Khandoba's third wife, Rambhai Shimpin, is a tailor woman who was a heavenly nymph or devangana and is sometimes identified with Banai. She is a prototype of the Muralis — the girls "married" to Khandoba. Rambhai is worshipped as a goddess whom Khandoba visits after his hunt. She is also localised, being said to come from the village from Belsare, near Jejuri. The fourth wife Phulai Malin, from the gardener or Mali caste, She was a particular Murali and is thus a deified devotee of Khandoba. She is visited by him at "Davna Mal" (field of southernwood, a herb said to be dear to Khandoba). The fifth wife, Candai Bhagavin, is a Telin, a member of the oilpresser caste. She is recognised as a Muslim by the Muslims.

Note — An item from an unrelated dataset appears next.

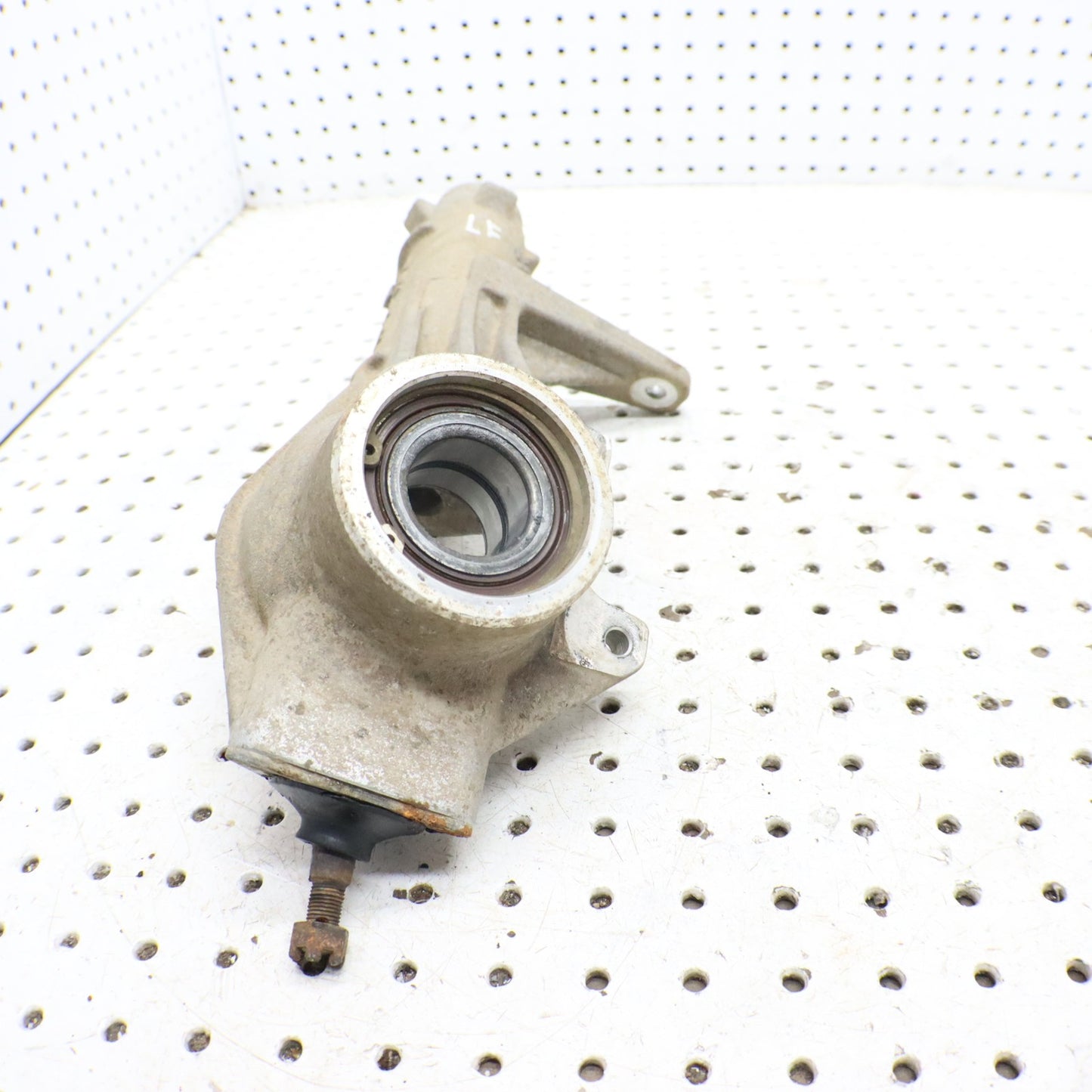 2004 Polaris Sportsman 500 Front Hub Strut LEFT 5132301 1822653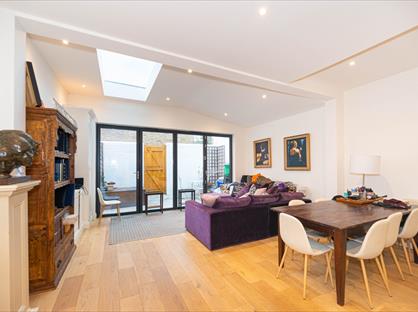 3 Bed Maisonette, Wandsworth Bridge Road, SW6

Apart from these, Muralis — girls offered to Khandoba — are considered as wives or concubines of the god.

Other associations and identifications

Mallana (Mallikaarjuna) of Andhra Pradesh and Mailara of Karnataka are sometimes identified with Khandoba (Mallari, Malhari, Mairala). Khandoba is also associated with Bhairava, who is connected with Brāhmanahatya (murder of a Brahmin). Devotees emphasize that Khandoba is a full avatar of Shiva, and not a partial avatar like Bhairava or Virabhadra. He accepts the attributes of the demon king — his horse, weapons and royal insignia.

Sontheimer stresses the association of Khandoba with clay and termite mounds. Oral legends tell of Khandoba's murtis being found in termite mounds or "made of earth". According to Sontheimer, Martanda Bhairava (Khandoba) is a combination of the sun god Surya and Shiva, who is associated with the moon. Martanda ("blazing orb") is a name of Surya, while Bhairava is a form of Shiva. Sundays, gold and turmeric, which are culturally associated with the sun, form an important part of the rituals of Khandoba. Sontheimer associates the worship of the Sun as termite mounds for fertility and his role as a healer to Khandoba's role as granter of fertility in marriages and to the healing powers of turmeric, which the latter holds.

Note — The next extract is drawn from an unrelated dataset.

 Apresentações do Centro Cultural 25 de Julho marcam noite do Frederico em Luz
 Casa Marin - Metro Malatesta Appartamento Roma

Another theory identifies Kartikeya (Skanda) with Khandoba. The hypotheses of the theory rests upon the similarities between Skanda and Khandoba, namely their association with mountains and war, similarity of their names and weapons (the lance of Skanda and the sword of Khandoba) and both having two principal wives. Also the festivals for both deities, Champa Sashthi and Skanda Sashthi respectively for Khandoba and Skanda fall on the same day. Other symbols associated with Khandoba are the dog and horse.

Worship

Though Shiva is worshipped across Maharashtra in his original form, some Maharashtrian communities prefer to worship him in form of his avatars, Khandoba being the most popular. He is the most popular Kuladevata (family deity) in Maharashtra. One of the most widely worshipped gods of the Deccan plateau, Khandoba is considered as "the premier god of Sakama bhakti (wish-granting devotion) and one of the most powerful deities responsive to vows (navas)". He is worshipped by the vast majority of Marathi Hindu people from all strata of that society. He is the patron deity of warrior, farming, herding as well as some Brahmin (priest) castes, the hunters and gatherers of the hills and forests, merchants and kings. The cult of Khandoba in the Deccan principally consists of peasant classes Marathas and Kunabis, shepherd Dhangars, village guards and watchmen Ramoshis — a "Denotified tribe", the former "untouchable" Mahars and Mangs, fisher-folk Kolis, balutedar castes like gardeners (Mali) and tailors (Shimpi), though it also includes of a few Brahmins and even some Muslims. Although Brahmin presence is nominal in his sect, Deshastha Brahmins, as well as the Kokanastha Brahmins - in Nashik and Satara - do worship Khandoba, some imitating the Deshastha Brahmins. The Deshastha Brahmins, Chandraseniya Kayastha Prabhus, as well as the royal families like Gaikwads and Holkars worship Khandoba as their Kuladevata. He is also worshipped by Jains and Lingayats. He is viewed as a "king" of his followers.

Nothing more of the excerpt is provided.